Thursday, December 11, 2014

The Son of man [Wednesday in Advent 2; Malachi 3:1-5, 4:5-6]


In the closing chapters of Malachi, really his entire book, evil is passing away and death is being burned off as slag. Sin is the target of this cleansing, as Jesus says He will be a swift witness against all those who do not fear Him.

True fear of God comes in regarding our sins as very horrible and serious. That we do not rank them or attempt to self-justify any commission or omission, on our part. That we learn to believe that no creature can make satisfaction for our sins.

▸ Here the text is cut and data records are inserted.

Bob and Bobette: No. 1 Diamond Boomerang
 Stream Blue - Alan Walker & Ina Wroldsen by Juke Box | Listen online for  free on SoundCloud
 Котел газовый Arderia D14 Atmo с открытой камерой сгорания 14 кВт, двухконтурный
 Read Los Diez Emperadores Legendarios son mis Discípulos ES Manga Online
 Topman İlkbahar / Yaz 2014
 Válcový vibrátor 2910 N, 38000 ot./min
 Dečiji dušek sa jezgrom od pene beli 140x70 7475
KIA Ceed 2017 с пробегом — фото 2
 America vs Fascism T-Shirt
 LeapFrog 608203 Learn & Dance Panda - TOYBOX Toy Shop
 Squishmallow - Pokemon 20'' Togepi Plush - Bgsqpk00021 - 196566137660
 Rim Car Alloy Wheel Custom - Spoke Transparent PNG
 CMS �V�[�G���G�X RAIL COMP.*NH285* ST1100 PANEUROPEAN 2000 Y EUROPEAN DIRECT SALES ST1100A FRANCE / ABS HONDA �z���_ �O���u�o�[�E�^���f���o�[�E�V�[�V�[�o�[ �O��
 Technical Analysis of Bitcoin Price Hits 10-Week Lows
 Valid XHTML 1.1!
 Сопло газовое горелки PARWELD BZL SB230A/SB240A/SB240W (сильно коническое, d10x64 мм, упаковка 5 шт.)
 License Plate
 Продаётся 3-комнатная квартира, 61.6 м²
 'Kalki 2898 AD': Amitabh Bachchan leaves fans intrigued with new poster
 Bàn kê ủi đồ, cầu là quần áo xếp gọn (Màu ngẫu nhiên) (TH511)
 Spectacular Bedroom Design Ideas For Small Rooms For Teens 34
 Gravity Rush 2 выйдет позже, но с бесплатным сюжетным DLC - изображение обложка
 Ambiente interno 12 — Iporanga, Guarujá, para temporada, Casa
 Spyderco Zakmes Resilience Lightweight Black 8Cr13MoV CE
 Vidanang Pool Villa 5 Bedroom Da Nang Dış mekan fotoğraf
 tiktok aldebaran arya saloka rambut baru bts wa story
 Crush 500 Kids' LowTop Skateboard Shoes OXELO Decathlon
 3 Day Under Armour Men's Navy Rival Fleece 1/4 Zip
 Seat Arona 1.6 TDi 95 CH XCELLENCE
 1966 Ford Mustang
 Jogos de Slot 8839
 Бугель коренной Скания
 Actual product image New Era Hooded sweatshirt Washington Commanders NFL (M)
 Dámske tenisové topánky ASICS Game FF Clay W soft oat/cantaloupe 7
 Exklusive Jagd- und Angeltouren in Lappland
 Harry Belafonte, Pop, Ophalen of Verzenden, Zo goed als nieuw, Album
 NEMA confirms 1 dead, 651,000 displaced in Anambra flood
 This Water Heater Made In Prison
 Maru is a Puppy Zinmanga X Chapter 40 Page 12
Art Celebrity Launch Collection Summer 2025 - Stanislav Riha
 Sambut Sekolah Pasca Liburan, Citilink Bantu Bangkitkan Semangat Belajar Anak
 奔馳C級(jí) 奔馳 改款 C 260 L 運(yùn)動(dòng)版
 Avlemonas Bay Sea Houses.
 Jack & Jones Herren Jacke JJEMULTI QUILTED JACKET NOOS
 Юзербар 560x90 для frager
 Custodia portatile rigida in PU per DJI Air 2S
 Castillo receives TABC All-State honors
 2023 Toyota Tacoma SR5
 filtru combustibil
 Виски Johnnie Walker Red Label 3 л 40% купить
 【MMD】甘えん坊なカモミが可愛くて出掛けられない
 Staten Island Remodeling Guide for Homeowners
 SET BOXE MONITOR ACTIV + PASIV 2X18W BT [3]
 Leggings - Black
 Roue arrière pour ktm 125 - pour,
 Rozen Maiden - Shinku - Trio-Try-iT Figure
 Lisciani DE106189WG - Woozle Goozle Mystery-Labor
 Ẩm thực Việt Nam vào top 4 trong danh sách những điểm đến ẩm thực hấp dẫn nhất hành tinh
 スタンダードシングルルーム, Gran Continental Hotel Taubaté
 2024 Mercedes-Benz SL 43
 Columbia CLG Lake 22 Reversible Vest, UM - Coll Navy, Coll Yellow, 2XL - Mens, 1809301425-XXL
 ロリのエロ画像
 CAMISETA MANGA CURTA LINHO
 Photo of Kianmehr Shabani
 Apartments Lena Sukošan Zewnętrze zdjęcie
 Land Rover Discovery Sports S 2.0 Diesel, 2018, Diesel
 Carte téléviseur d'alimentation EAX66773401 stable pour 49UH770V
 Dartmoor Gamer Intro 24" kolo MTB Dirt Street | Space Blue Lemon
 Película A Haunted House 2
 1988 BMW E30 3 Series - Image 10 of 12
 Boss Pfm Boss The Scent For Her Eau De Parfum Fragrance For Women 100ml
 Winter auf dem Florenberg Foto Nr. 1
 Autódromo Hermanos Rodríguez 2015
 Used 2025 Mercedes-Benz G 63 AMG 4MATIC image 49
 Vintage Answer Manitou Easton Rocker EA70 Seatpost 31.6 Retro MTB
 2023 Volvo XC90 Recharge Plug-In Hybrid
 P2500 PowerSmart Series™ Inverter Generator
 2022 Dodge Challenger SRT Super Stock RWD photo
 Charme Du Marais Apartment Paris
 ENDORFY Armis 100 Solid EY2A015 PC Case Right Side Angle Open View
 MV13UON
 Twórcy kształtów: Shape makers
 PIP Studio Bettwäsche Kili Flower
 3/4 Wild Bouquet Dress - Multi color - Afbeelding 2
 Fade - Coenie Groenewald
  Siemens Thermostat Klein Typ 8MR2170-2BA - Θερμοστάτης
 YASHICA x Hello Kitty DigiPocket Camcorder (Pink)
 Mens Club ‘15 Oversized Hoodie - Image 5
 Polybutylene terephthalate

However, primarily, true fear of God begins in the recognition of this sin within ourselves. That, by the very presence of God among us, brings this to a very painful light; a light exactly like a refiner’s fire that will burn the slag away.

Then, it is fear as we know it that sets in, because we find that our entire being appears to only be slag and if that fire touches us, we shall be unmade. We are as St. Isaiah proclaims,

“’Woe is me! For I am undone, because I am a man of unclean lips and I dwell in the midst of a people of unclean lips; for mine eyes have seen the King, the Lord of hosts.’”(Isa.6:5)

To those who do not recognize their sins, those who wish to retain their slag, to them this Day of the Coming of the Lord will be something they want no part of. Really, who wants to be scrubbed to death by soap? And who wants to die? The wages of sin is death and death must occur.

Repent. We are so concerned with our own selves that we fail to take in the Great Picture. We rely so heavily upon our emotions that we fail in hearing the Word of God and Psalm 80 reveals this for us.

Psalm 80, part of which we chanted this evening, is a Christological psalm. Meaning: its about Jesus. In it, the psalmist confesses his sins and makes no excuse for them. He confesses this fact to God and yet still begs for God to hear and save him.

He asks for a vine to be brought out of Egypt, as Jesus was sent to and returned from Egypt when He was young. He begs the Man who dwells between the cherubim upon the holy Ark to cause His face to shine upon us: the place where Jesus sat in the Temple, forgiving sins.
 

Verses 17 and 18 then get to it. 17, of which we chanted this evening, and 18, which we didn’t are:

“Let thy hand be upon the man of thy right hand, upon the son of man whom thou madest strong for thyself. So will not we go back from thee: quicken us, and we will call upon thy name.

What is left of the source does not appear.